## Task requirements
Produce a verbatim copy of the records, and keep the images out of it.
....
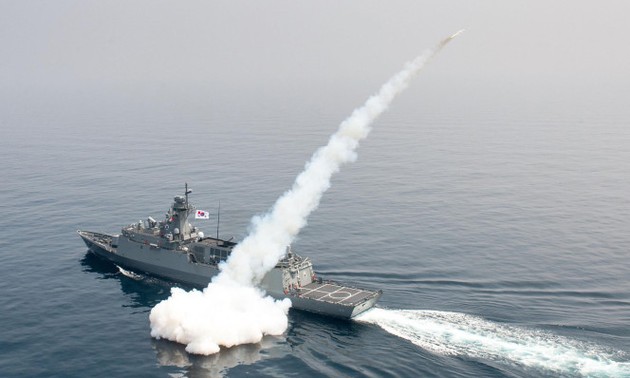   South Korea conducts drills at sea 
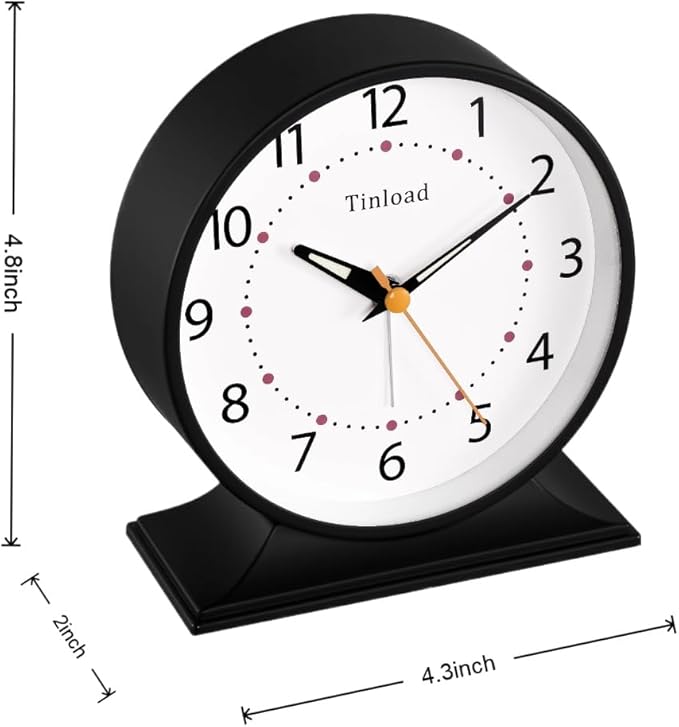 4.5" Antique Retro Analog Alarm Clock, Small Silent Bedside Desk Clock - Image 6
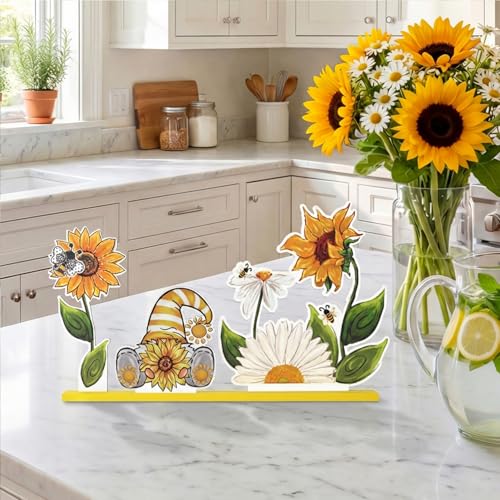 Smile Summer Indoor Decorations Wooden Decor, Sunflower Gnome, Sign for Home Tabletop Centerpiece Mantel Shelf Fireplace - style: Summer Sunflower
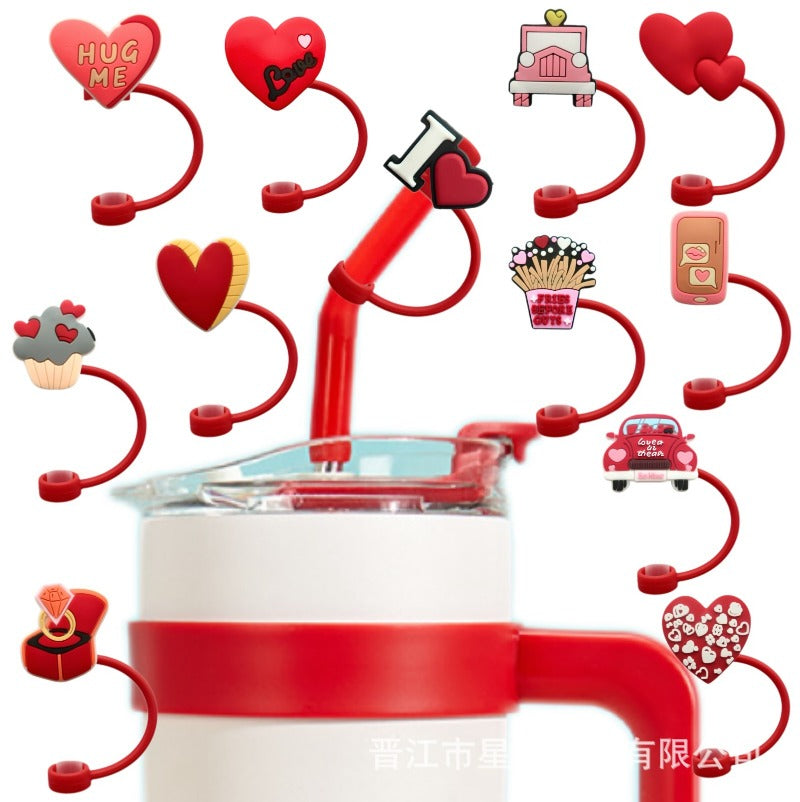 Wholesale 10pcs Valentine's Day Love Silicone Dustproof Red 8/10mm Straw Cover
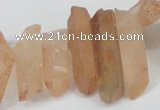 CTD622 Top drilled 8*25mm - 10*35mm faceted nuggets red quartz beads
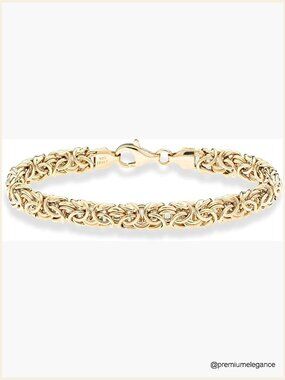 Italian 18K Gold Plated 925 Sterling Silver Byzantine Link Bracelet Handmade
....
## Result for this task
   South Korea conducts drills at sea 
 4.5" Antique Retro Analog Alarm Clock, Small Silent Bedside Desk Clock - Image 6
 Smile Summer Indoor Decorations Wooden Decor, Sunflower Gnome, Sign for Home Tabletop Centerpiece Mantel Shelf Fireplace - style: Summer Sunflower
 Wholesale 10pcs Valentine's Day Love Silicone Dustproof Red 8/10mm Straw Cover
 CTD622 Top drilled 8*25mm - 10*35mm faceted nuggets red quartz beads
 Italian 18K Gold Plated 925 Sterling Silver Byzantine Link Bracelet Handmade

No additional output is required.